TASK MATERIAL —
==============================
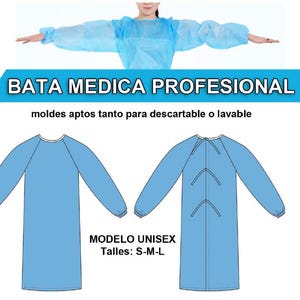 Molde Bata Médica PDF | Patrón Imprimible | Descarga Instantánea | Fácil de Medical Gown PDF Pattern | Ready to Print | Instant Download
==============================
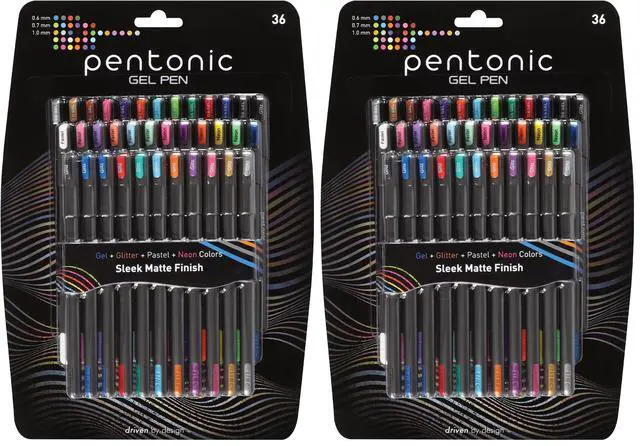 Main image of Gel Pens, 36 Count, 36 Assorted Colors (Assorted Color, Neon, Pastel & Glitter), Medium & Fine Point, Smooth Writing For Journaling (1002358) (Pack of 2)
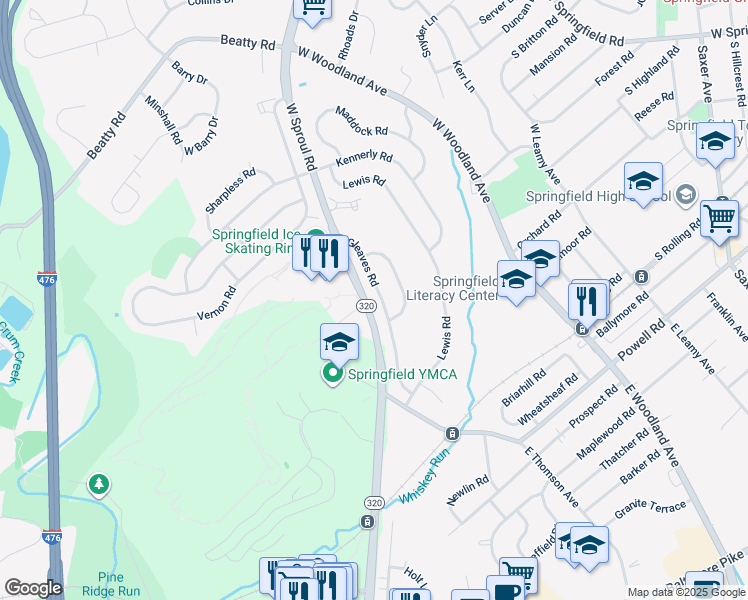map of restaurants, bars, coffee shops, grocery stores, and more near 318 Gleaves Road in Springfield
==============================
PROBLEM DESCRIPTION — Starting at the line containing "Main image of" and stopping at the line containing "map of restaurants, bars, coffee", output each line exactly as it appears above. Leave out the pictures.

RESPONSE TO THIS TASK —
 Main image of Gel Pens, 36 Count, 36 Assorted Colors (Assorted Color, Neon, Pastel & Glitter), Medium & Fine Point, Smooth Writing For Journaling (1002358) (Pack of 2)
map of restaurants, bars, coffee shops, grocery stores, and more near 318 Gleaves Road in Springfield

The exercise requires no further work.